Maybe it's just my long time behavior that I use Spaces and all the
cool kids use the Dock.  Ooh, look at that polished surface
effect. Cute. And the happy jumping icons.  My son, who is pretty
young, really likes the jumping duck and I've been starting and
stopping that FTP-program for good while.  Actually, the Dock is a
rather central piece. One day it stopped working and I knew no way out
other than rebooting.  I could not navigate to a terminal, because the
dock didn't work, I seem to remember starting new terminal using the
search facility to no avail, so there wasn't any chance of curing
things by some command line magic.  At the end Reboot it was.
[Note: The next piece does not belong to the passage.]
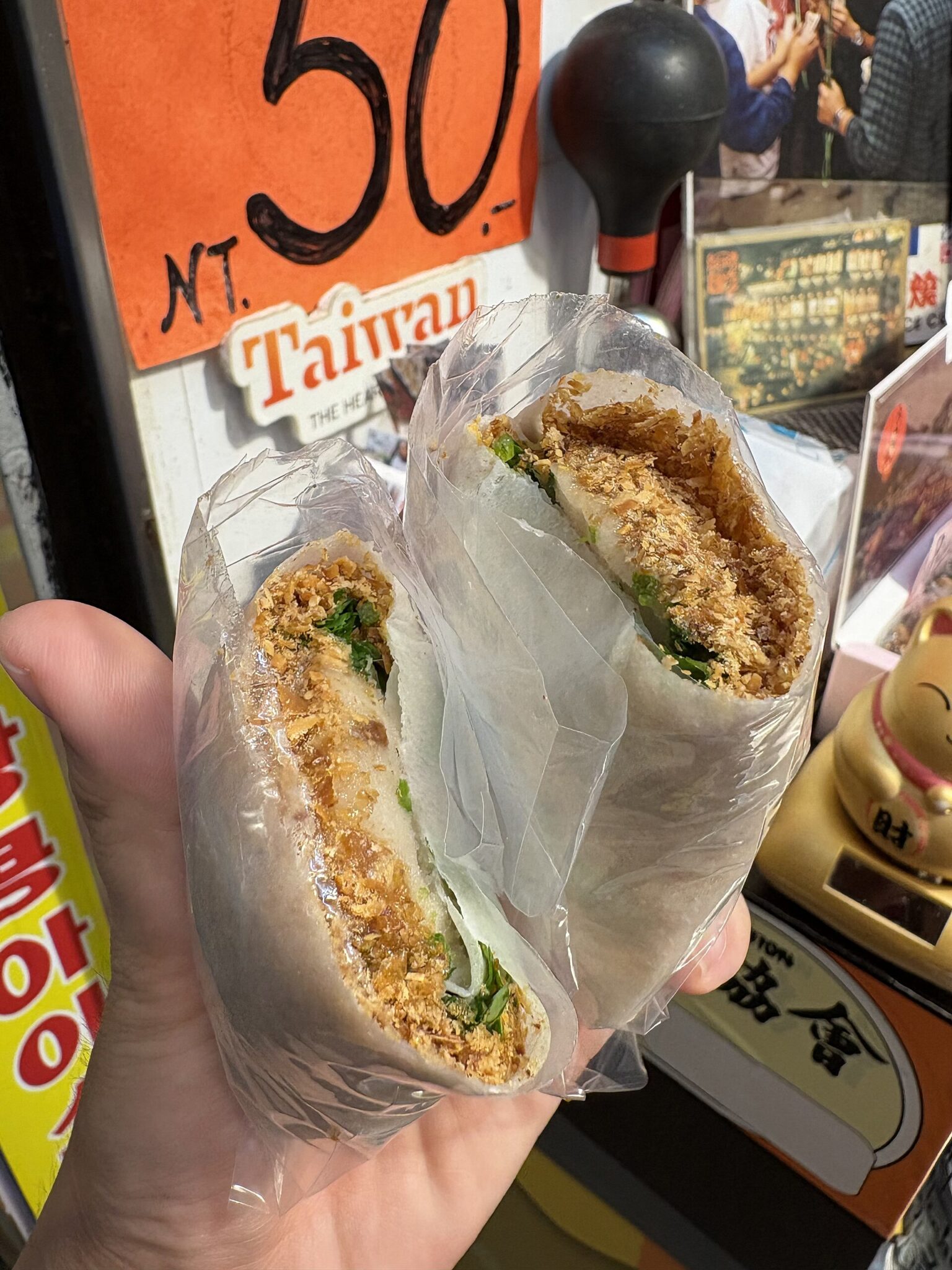 花生捲冰淇淋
I could
still reach the reboot menu item. Just that I had some unsaved files
in NetBeans and Netbeans opened a dialog to ask me what to do now.
Thereby it managed to stop the shutdown process which told me it
couldn't shut the system down because some program didn't allow.  I
was told to stop that program first, which I couldn't because I could
neither get there nor kill it hard using the dock.  Deadlockdock. Ok,
this episode wasn't particularly funny. Those things happen on all
systems.  It's just that people keep saying that WhiteOS may have some
edges but it just works.  No, it does not.  It evenn has to reboot
when the webbrowser has been updated.


The End
-------

Please, don't even start thinking about pointing me to things that
have been fixed in the meantime.  Actually, you'd better stop thinking
about ANY kind of feedback.  All this is history to me.  No more
WhiteOS, thank you.  I'd rather give windows another try and see what
they improved in the past 15 years.

-- 

[Editor's note: here the original text stopped.  It was never finished
and never will be.  There were some notes to myself but I never got
around writing the rest of it: someday Android saved me.]